The performance of the 10-μm lidar is shown in Fig. 2, in a format similar to that of Fig. 1. Compared with those of the 2-μm lidar, the turbulence effects are apparently less, but the same physical features can be observed. Enhancement appears at shorter ranges and, for longer ranges, the predominant turbulent mechanism becomes beam spreading, which, once again, steadily reduces the lidar performance. As stated in the figures, standard deviation power fluctuations are larger for the 2-μm system (Fig. 1), where we may expect more sensitivity to turbulence, than for the 10-μm lidar (Fig. 2). When horizontal paths were considered [2], surprisingly we observed the opposite circumstances, i.e. power fluctuations larger for the 10-μm case than for the 2-μm situation. We explained this result of our simulations by considering the fact that the beam averaging for the 10-μm system was remarkably smaller as a consequence of larger beam intensity scales in the target plane reducing the ability for leveling signal fluctuations.

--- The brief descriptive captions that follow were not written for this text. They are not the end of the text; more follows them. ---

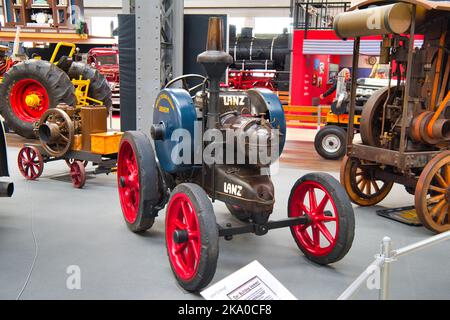 SPEYER, ALLEMAGNE - OCTOBRE 2022 : tracteur rétro LAZ GLUEKOPF BULLDOG Steam machine 1922 rouge bleu dans le Technikmuseum Speyer. Banque D'Images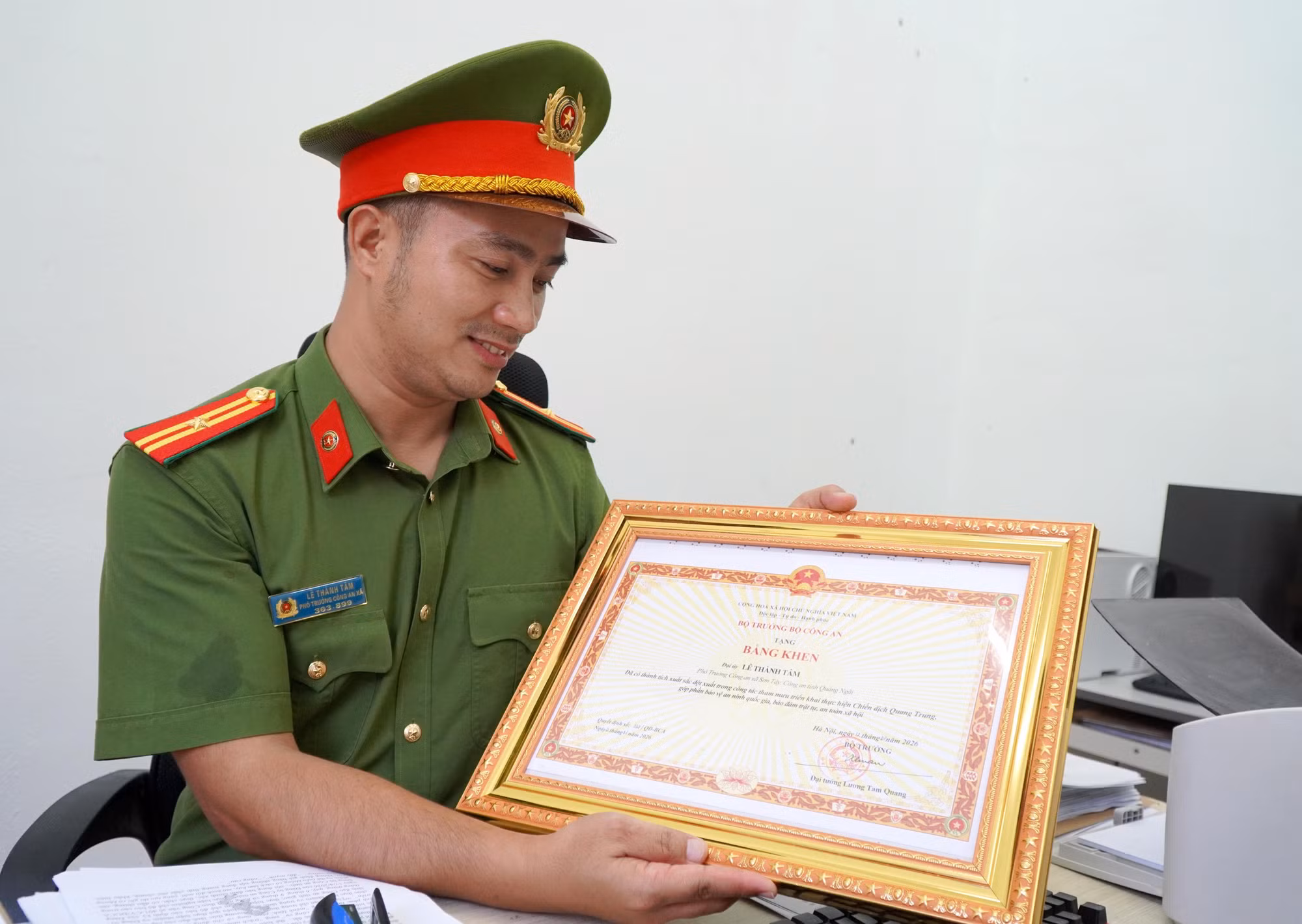 Thiếu tá Lê Thành Tâm được Bộ trưởng Bộ Công an tặng Bằng khen vì có thành tích xuất sắc đột xuất trong công tác tham mưu triển khai thực hiện Chiến dịch Quang Trung, góp phần bảo vệ an ninh quốc gia, bảo đảm trật tự, an toàn xã hội năm 2026.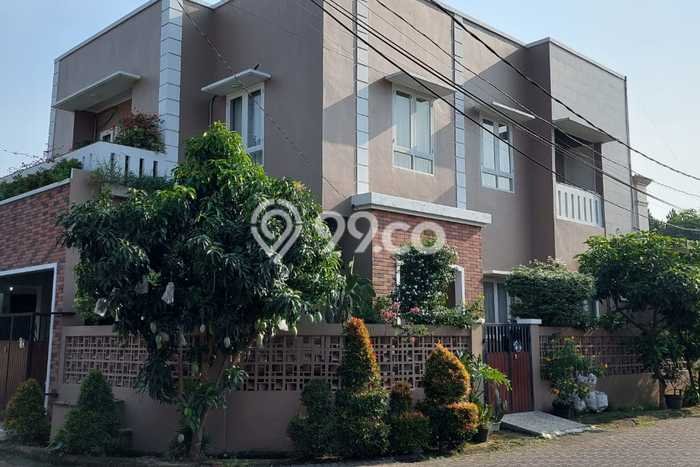 Hunian Mewah Dijual LT 159m2 di Curug, Tangerang Hunian Mewah Dijual LT 159m2 di Curug, Tangerang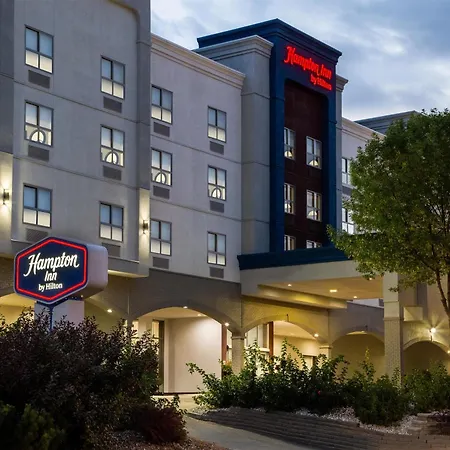Hampton Inn By Hilton Kamloops-3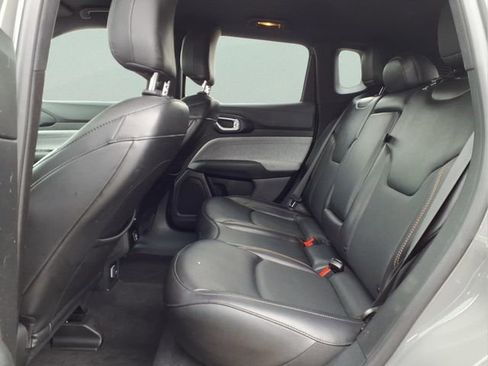 Used 2023 Jeep Compass Latitude image 8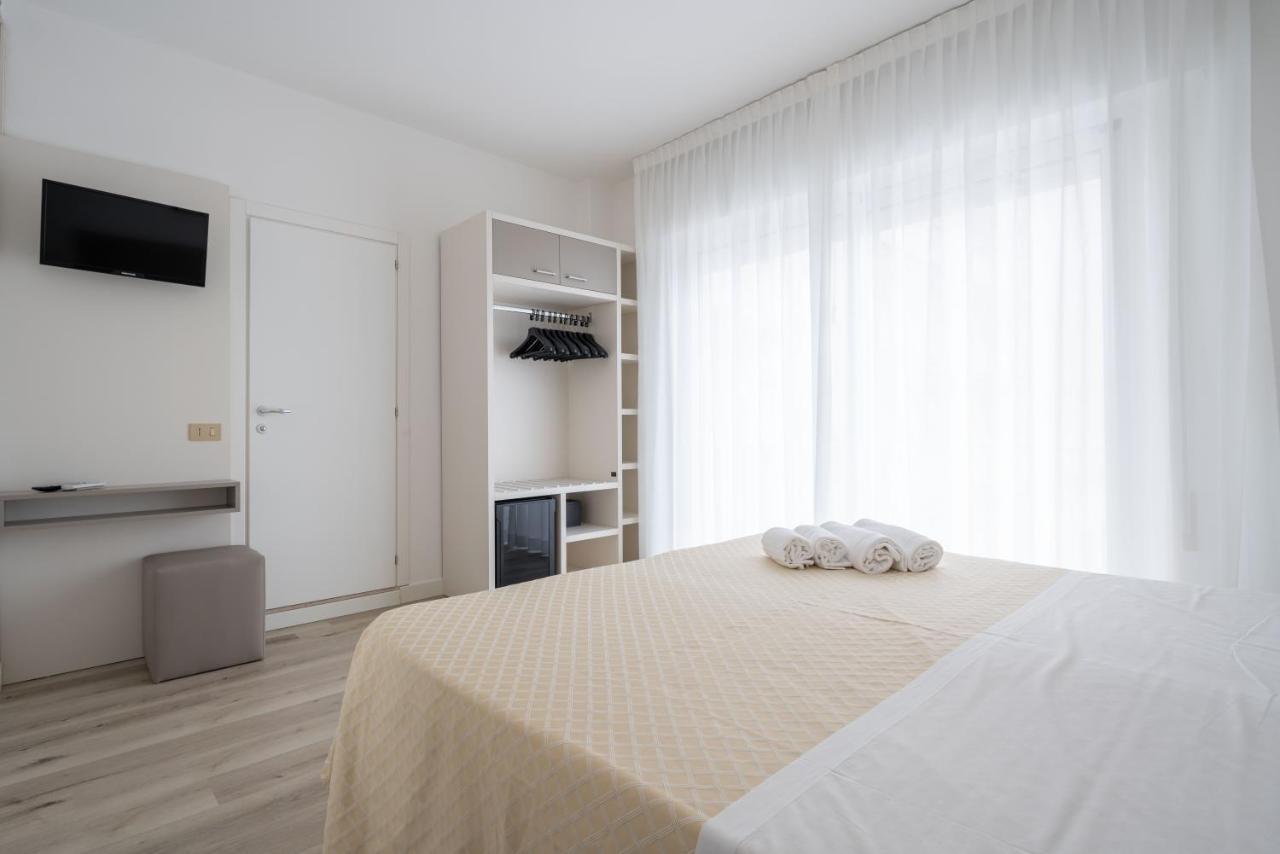 לידו די ג'סולו Hotel Boston 3 Stelle Superior Frontemare מראה חיצוני תמונה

Now, however, when slant propagation paths are taken into consideration, turbulence effects on 2-μm lidars are not already intense enough to produce averaging phenomena able to wipe out an important part of the power fluctuations. In any case, when 10-μm and strong turbulence is considered (Fig.2, upper row), power standard deviations are still comparable to those observed for the 2-μm occurrence and similar turbulence levels (Fig.1, upper row).

4. Final remarks

The inherent statistic uncertainty of coherent return fluctuations have been estimated for ground lidar systems profiling the atmosphere along slant paths with large elevation angles. Although less intense, fluctuations in received power owing to turbulence produce outcomes in the performance of any coherent system similar to those that result from speckle and, consequently, a precise description of this effect is needed to fully characterize the performance of heterodyne lidars in the atmosphere. The analytically intractable problem of describing the coherent return variance was considered by simulation of beam propagation in a realistic way. One advantage of the beam simulation is that the structure of the beam can be examined at any point, which in this study allows the explanations to the observed phenomena to be verified readily.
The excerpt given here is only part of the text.